» **Exercise objective**: Restate the listing below word for word, and leave its pictures behind.

» **Given material**:
*** Block opens ***

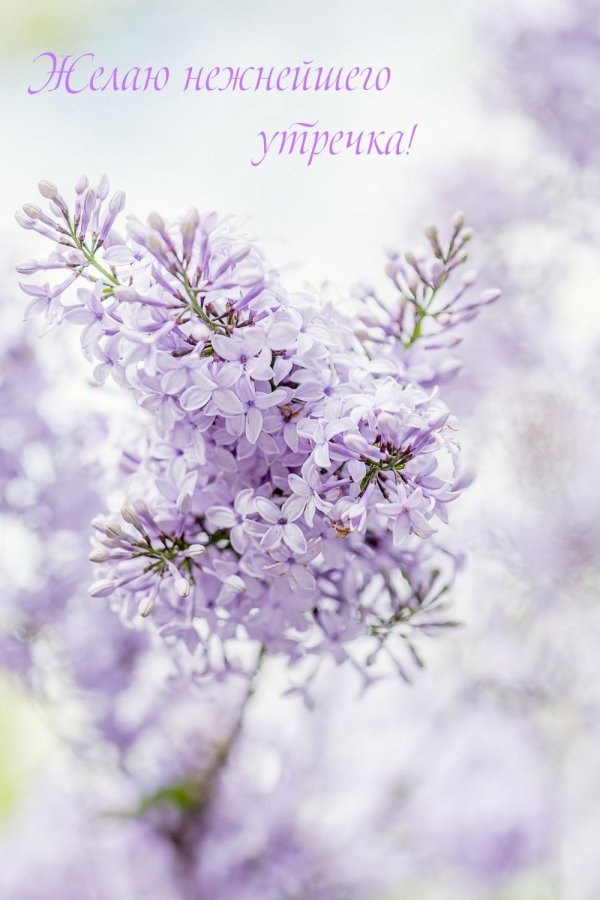 сирень весной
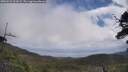 ./images/calvert/fitz-hugh-hecate/20250531/fitz-hugh-hecate20250531_121009M.jpg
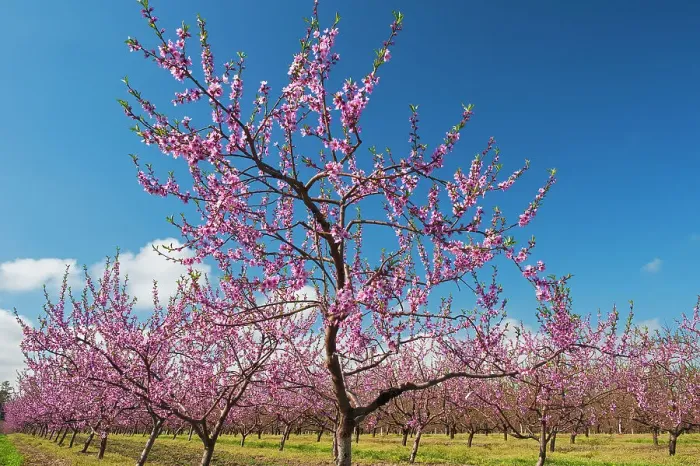 Framed Print : Canada, Ontario, Grimsby. Peach orchard in bloom Framed Print : Canada, Ontario, Grimsby. Peach orchard in bloom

*** Block closes ***

» **Result**:
 сирень весной
 ./images/calvert/fitz-hugh-hecate/20250531/fitz-hugh-hecate20250531_121009M.jpg
 Framed Print : Canada, Ontario, Grimsby. Peach orchard in bloom Framed Print : Canada, Ontario, Grimsby. Peach orchard in bloom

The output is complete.